## TASK BRIEF
Reproduce the lines of the material exactly, excluding every image.

## RECORDS PROVIDED
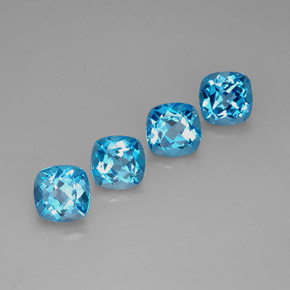 8.11 ct Blue Topaz Gemstone, Topaz Gem in Cushion-Cut Shape for Sale.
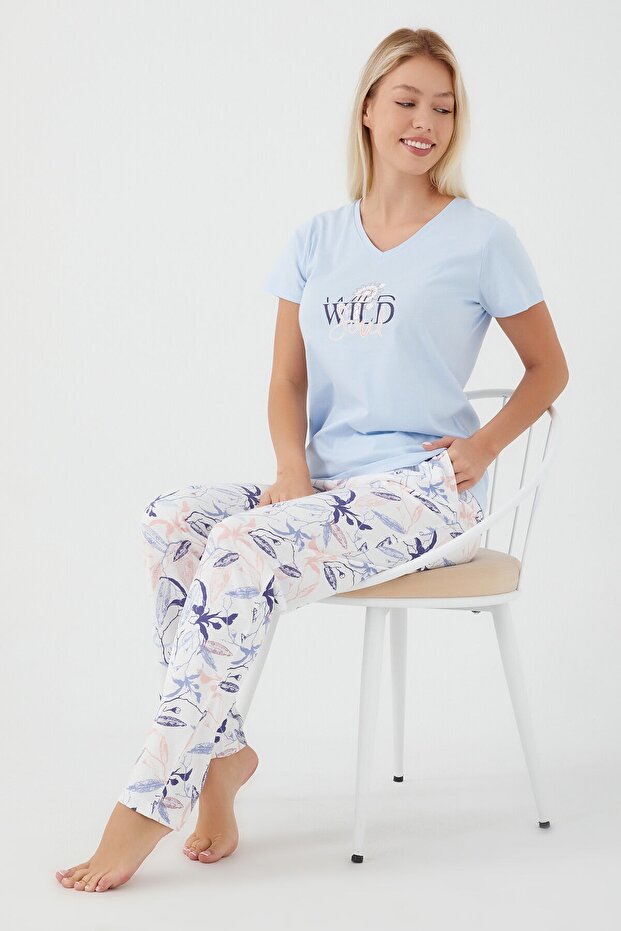 Wild Soul Light Blue Women's Short Sleeve Pajama Set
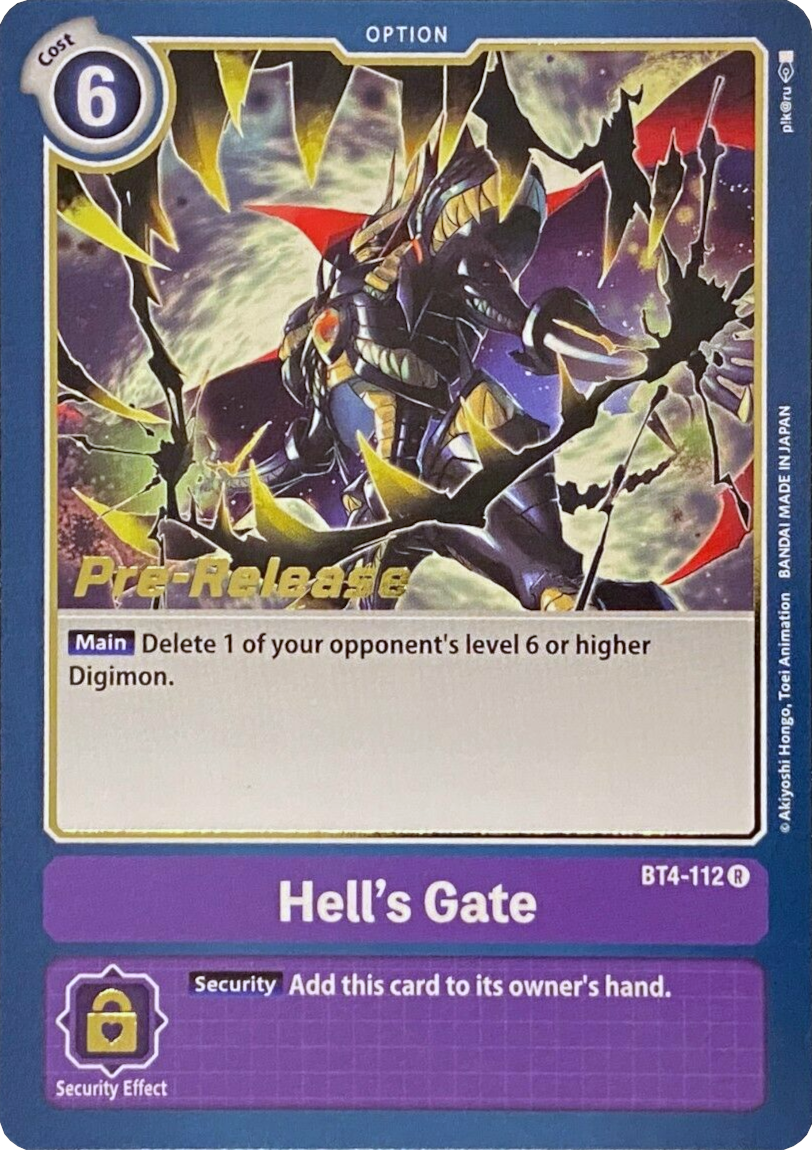 Hell's Gate [BT4-112] [Great Legend Pre-Release Promos] | Enigma On Main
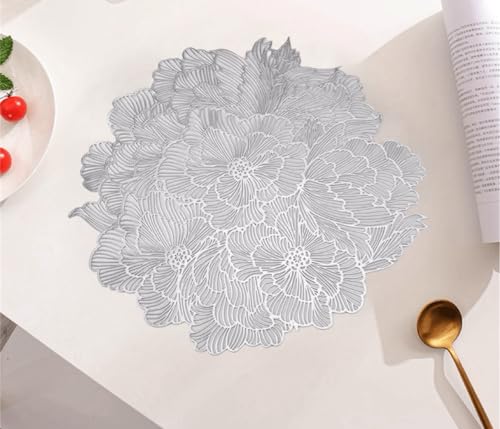 Image of Floral PVC Dining Table Placemats Set of 6 | Non-Slip Heat Resistant Table Mats for Dining Table | Decorative Table Mats for Home, Kitchen & Party Decor | 38 x 38 CM (Silver, Floral)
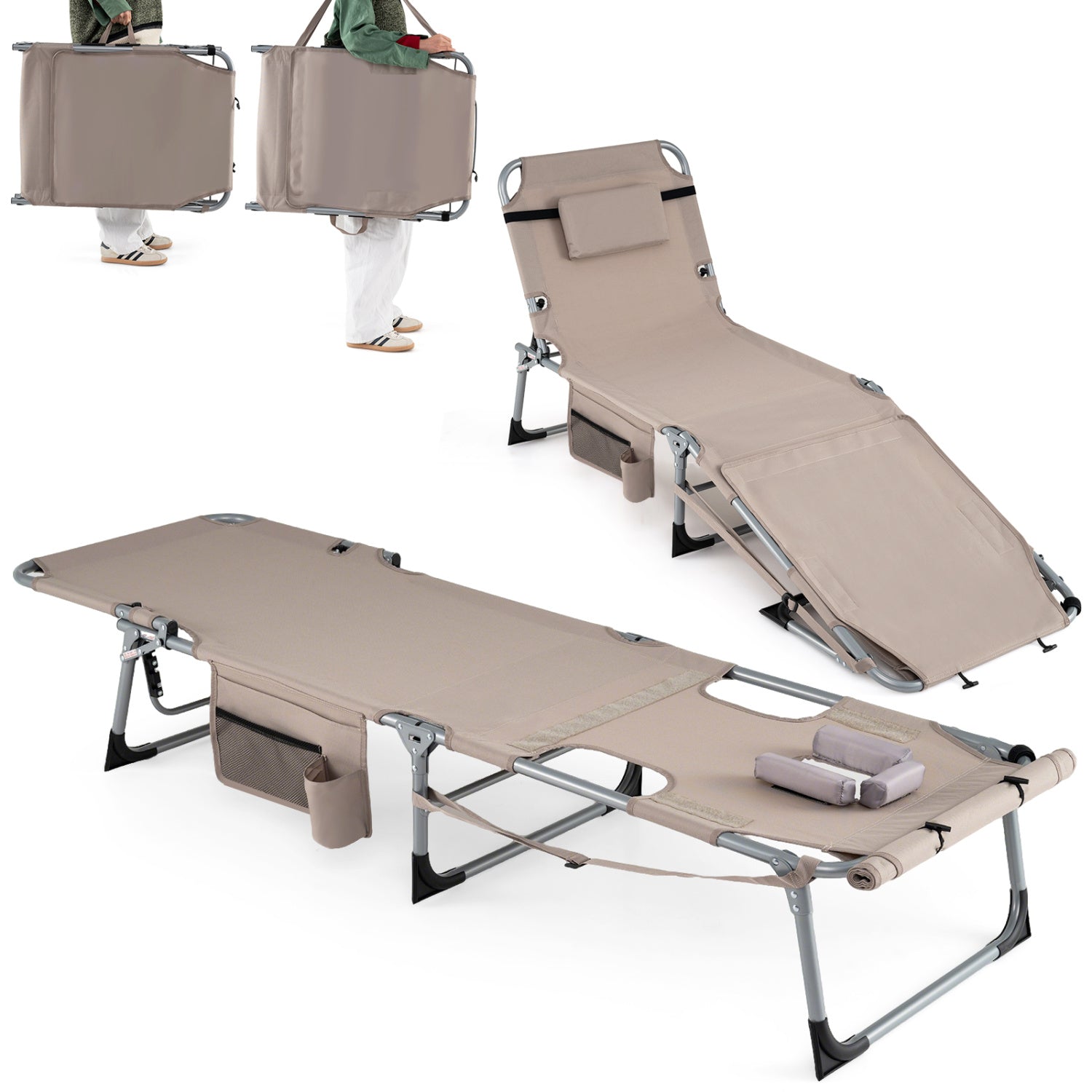5-Position Outdoor Folding Chaise Lounge Chair, Beige Outdoor Seating & Patio Chairs at Gallery Canada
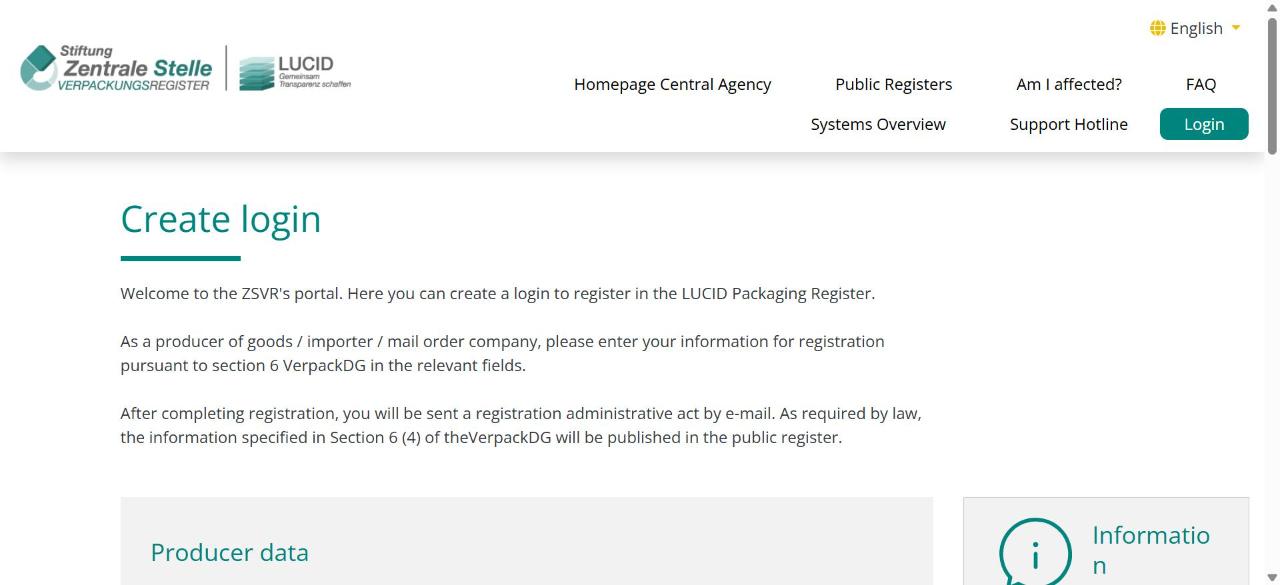 Schermata iniziale di registrazione LUCID, chiamata Create login, sul portale ZSVR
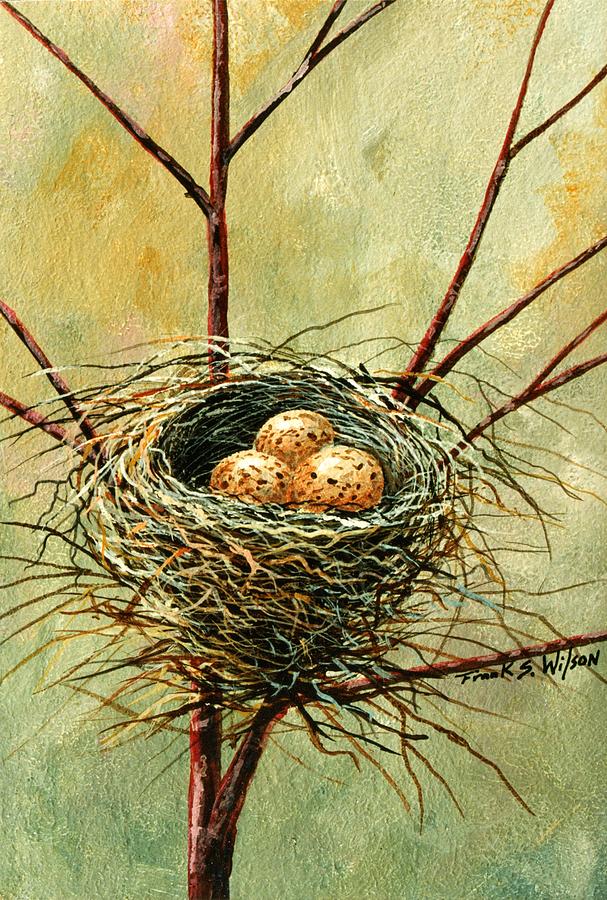 607x900 Bird Nest Painting By Frank Wilson - Nest Painting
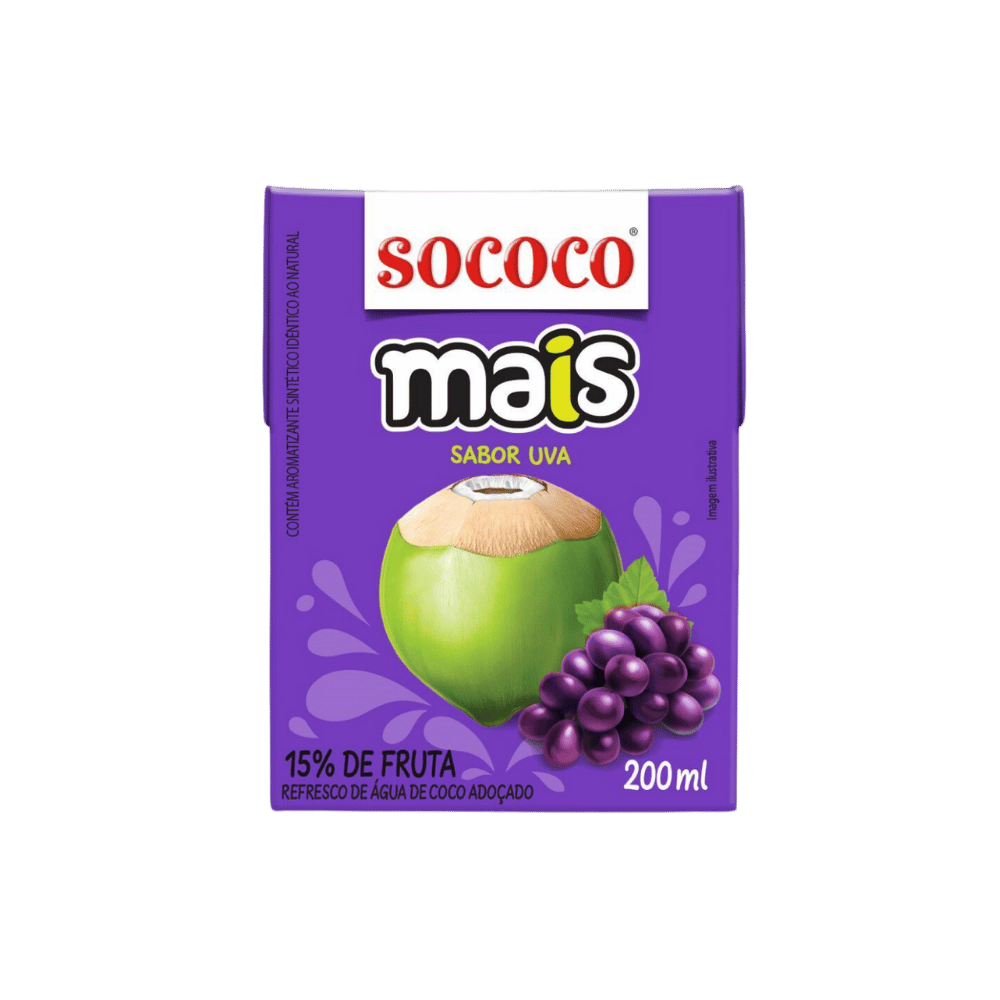 AGUA DE COCO MAIS UVA 200ML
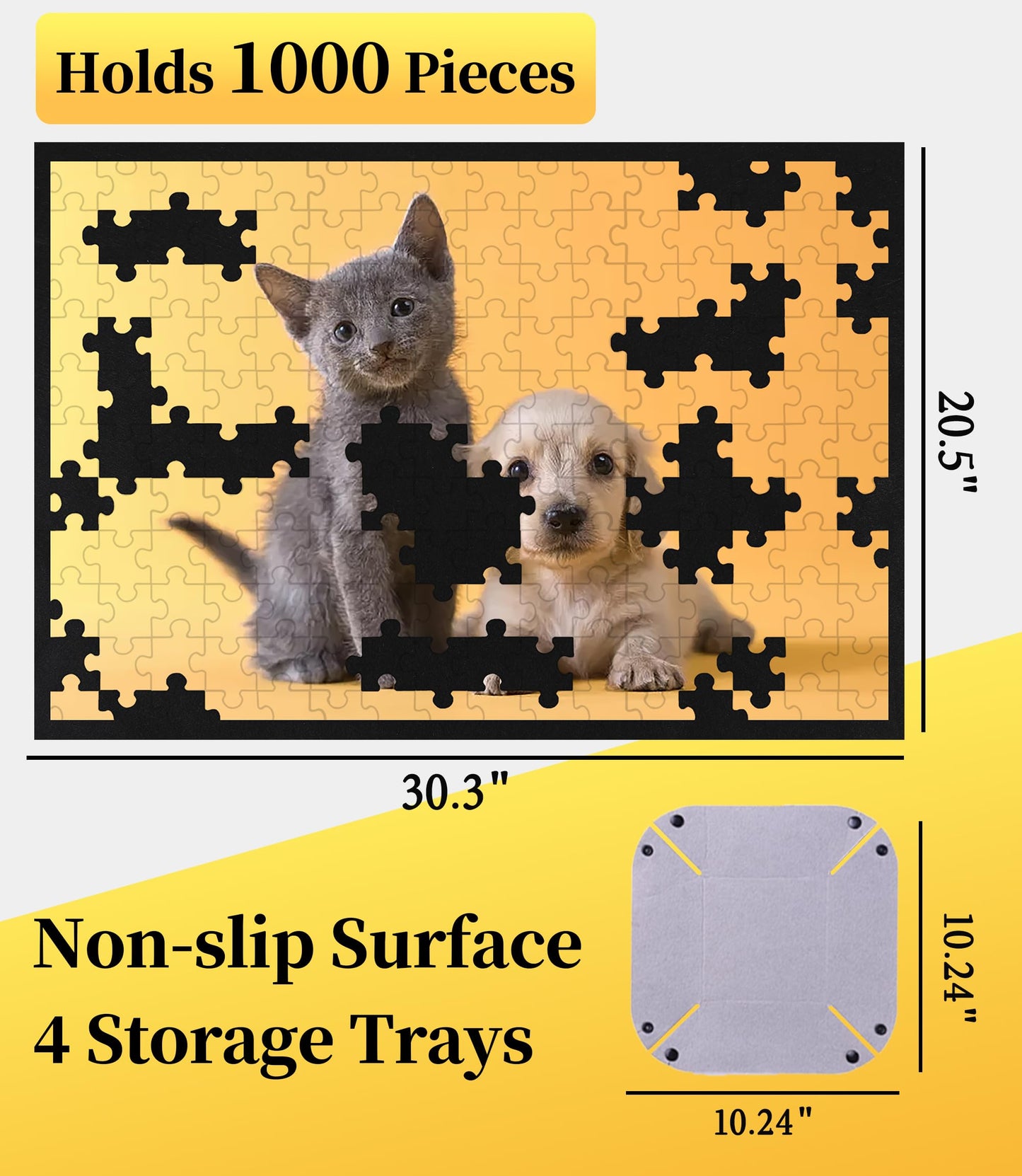 Jigsaw Puzzle Board 1000 500 Piece, 4 Storage Tray Portable Sorting Table Mat Holder For Adults Large Puzzles Accessories Organi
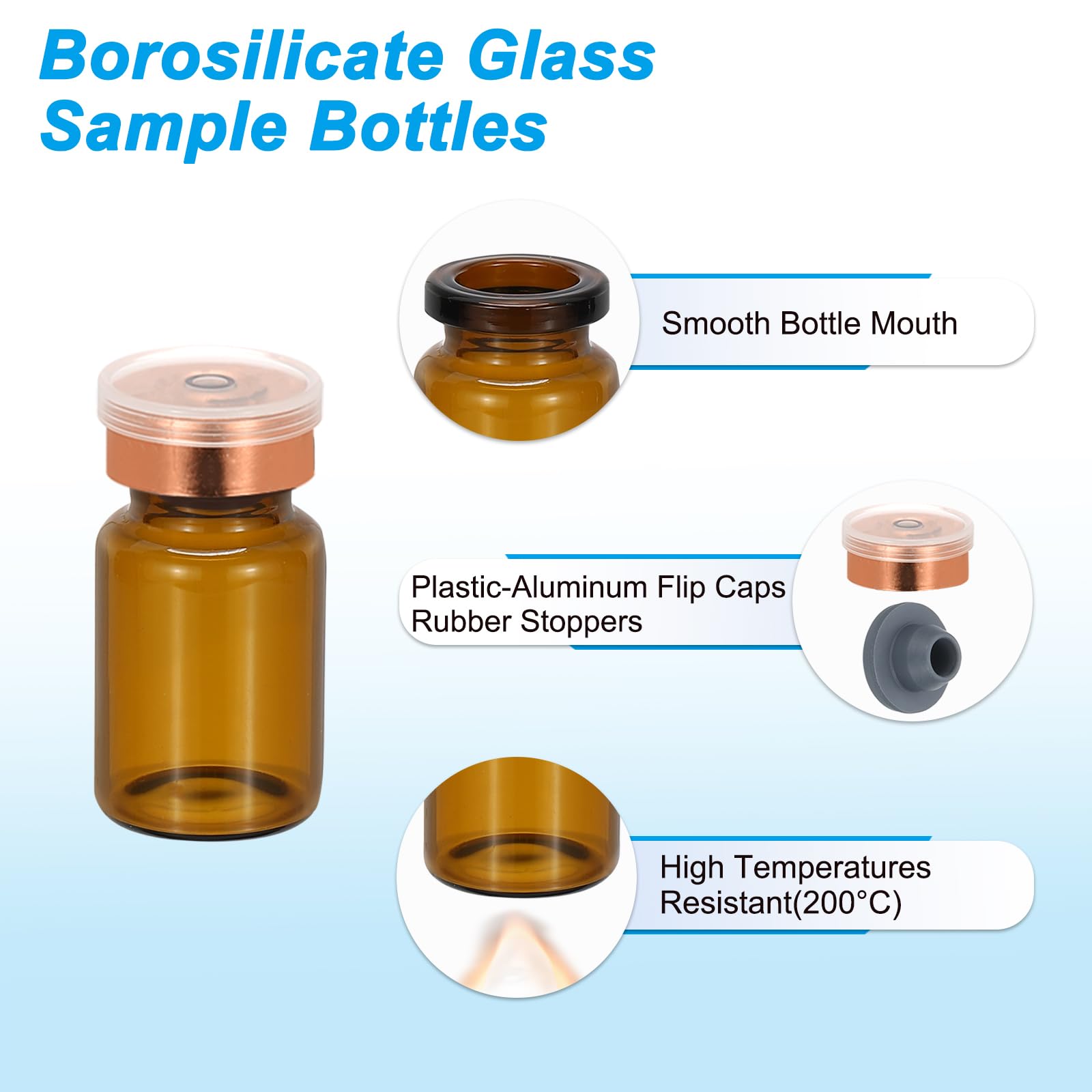 PATIKIL 12pz 7ml Fiale Esemplare in Vetro Borosilicato Ambra con Tappo Plastica Alluminio e Tappo in Gomma per Conservazione Solidi Liquidi Polveri Laboratorio, Tono Oro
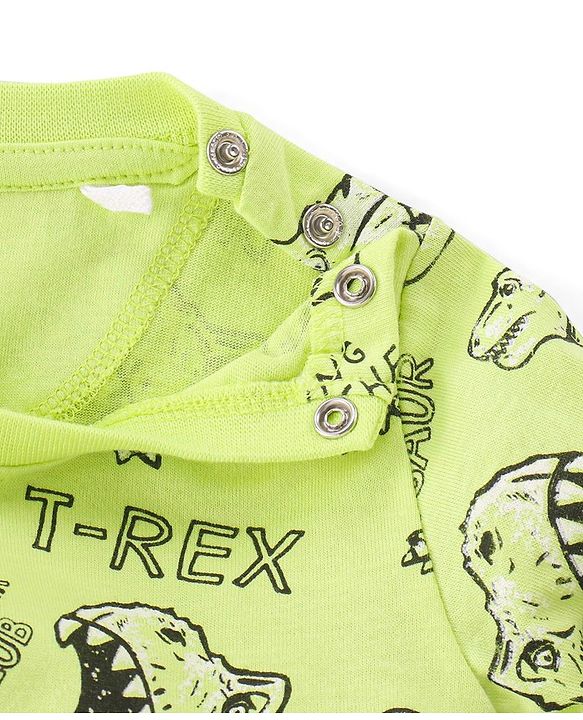Babyhug Cotton Knit Full Sleeves Dino Printed Night Suit - Green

## PROBLEM SOLUTION
 8.11 ct Blue Topaz Gemstone, Topaz Gem in Cushion-Cut Shape for Sale.
 Wild Soul Light Blue Women's Short Sleeve Pajama Set
 Hell's Gate [BT4-112] [Great Legend Pre-Release Promos] | Enigma On Main
 Image of Floral PVC Dining Table Placemats Set of 6 | Non-Slip Heat Resistant Table Mats for Dining Table | Decorative Table Mats for Home, Kitchen & Party Decor | 38 x 38 CM (Silver, Floral)
5-Position Outdoor Folding Chaise Lounge Chair, Beige Outdoor Seating & Patio Chairs at Gallery Canada
 Schermata iniziale di registrazione LUCID, chiamata Create login, sul portale ZSVR
 607x900 Bird Nest Painting By Frank Wilson - Nest Painting
 AGUA DE COCO MAIS UVA 200ML
 Jigsaw Puzzle Board 1000 500 Piece, 4 Storage Tray Portable Sorting Table Mat Holder For Adults Large Puzzles Accessories Organi
 PATIKIL 12pz 7ml Fiale Esemplare in Vetro Borosilicato Ambra con Tappo Plastica Alluminio e Tappo in Gomma per Conservazione Solidi Liquidi Polveri Laboratorio, Tono Oro
Babyhug Cotton Knit Full Sleeves Dino Printed Night Suit - Green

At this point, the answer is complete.